Today I will post briefly about three works by George Moore (1852 born County Mayo, Ireland, 1933 died London). I have posted on several of his short stories and his excellent novel Esther Waters (1894) dealing with the great importance of horse trading and racing in Ireland. Moore is now I think mainly read by those very into Irish literature. He was influenced by the realism of Zola. His short stories in turn influenced James Joyce in Dubliners. Moore is considered by many to be the first modern Irish short story writer. Moore was from a very wealthy family and at 18 when his father died was free to do whatever he wanted. He wanted to be a painter and escape from what he felt was the repressive stifling atmosphere of Catholic Ireland. He had an image in his mind of Paris as the world capital of art and of course he dreamed of making love to the beautiful French women who worked as models for artists. So he went to Paris and did become an authority on French painters if not a successful painter.

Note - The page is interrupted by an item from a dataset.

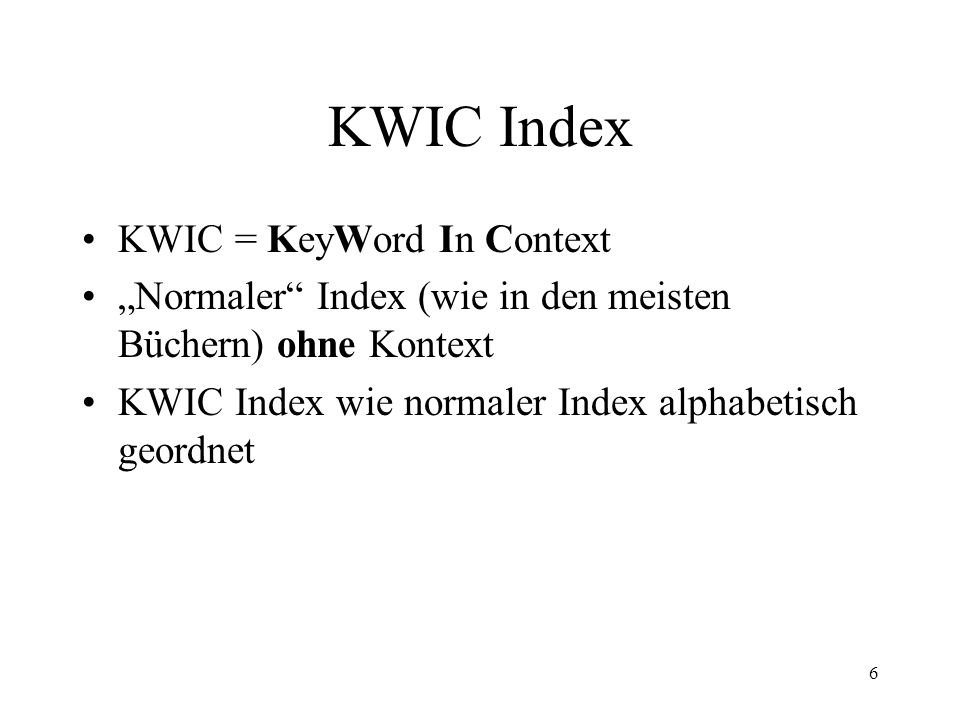 KWIC Index KWIC = KeyWord In Context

Mildred Lawson is the lead work in Moore's 1925 collection of three long short stories, The Celibates. One of the grand themes of Irish literature concerns the sexual repression of the Catholic Church and the devastating impact this had on the lives of the Irish. An Irishman or woman who tells their family and friends they are going to Paris to study painting is seen as entering a world of license and sexual liberation. Mildred Larson is particularly interesting as it centers on a young woman of comfortable circumstances who goes to Paris to study painting. She is shocked at first my the nude artist models, including men, who pose for art classes. There is a lot of interesting material about art classes and the various students and teachers Mildred meets. The drama of the story is in her long term relationship with an Irishman who wants to marry her. (She cannot given her deep enculturation in the doctrines of the Catholic Church have sex outside of a marriage). If she does she will live out her days in a comfortable but unexciting in comparison to Paris life.
"In the Clay" and "The Way Back" are the opening and closing stories in George Moore's collection of short stories, The Untilled Field (1915). This collection directly influenced James Joyce and through it helped create the modern short story. A movie was recently made based on one of the stories, Alfred Nobbs.

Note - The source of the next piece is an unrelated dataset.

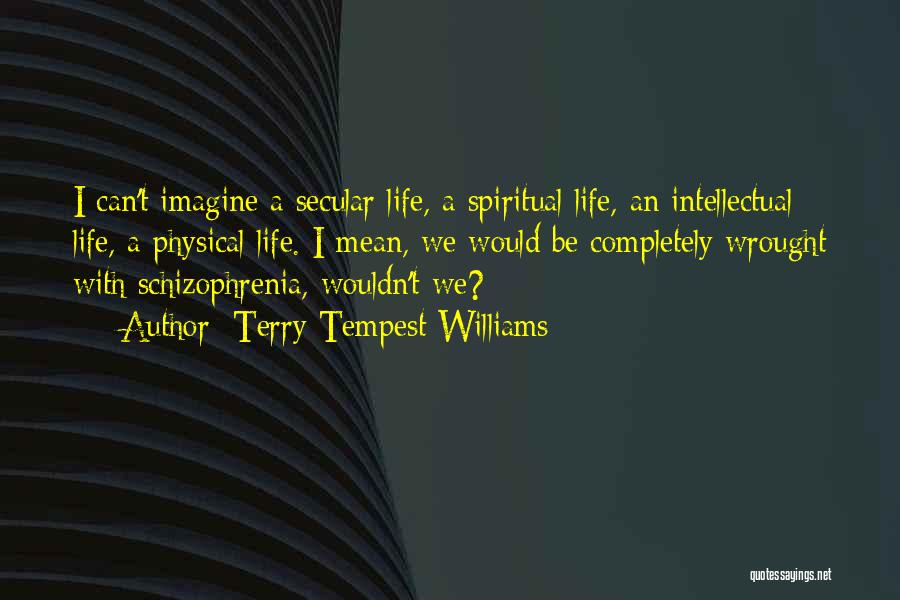 Terry Tempest Williams Quotes: I Can't Imagine A Secular Life, A Spiritual Life, An Intellectual Life, A Physical Life. I Mean, We Would Be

"In the Clay" is about a young man who wants to become a sculptor. He is doing a statue of the Virgin Mary but he needs have a nude model to base his work upon. He tells a friend all clothed sculptures are based on nude models and then clothed. Of course there is an underlying sexual element to this in repressive Ireland and I think this was considered a shocking topic in 1915. These two stories are tied together. "In the Clay" is set in Ireland. A neophyte sculpturor has just completed his first major work, based on a nude model. The "first draft" of the work is done in clay. As the story closes the man funds his clay model smashed to pieces. The guilty parties are the three brothers of the model who view posing as a model as on a level with being a prostitute. He is driven to go to Paris by this episode. In "Tne Way Back" we meet the sculpture many years later, he is now a mature artist and a sophisticated man of the world. He encounters an artist friend from Paris and they talk about how their time in Paris shaped their lives.
Writers, painters, and lovers of the good life have been drawn to Paris for hundreds of years. Like no other city in the world it had special meaning in the art and literary world. In these three works by a very important Irish writer we can see a bit of the power of Paris.
This is a completely new author to me. Fascinating story.
Deb Nance. George Moore is not much read anymore. His influence is indirect through James Joyce. Thanks very much for your comments
Thanks so much for a most informative post. I'm not at all familiar with George Moore or his work. That's one of the things I love most about Paris In July -- new discoveries! Thanks for coming by The Marmelade Gypsy, too!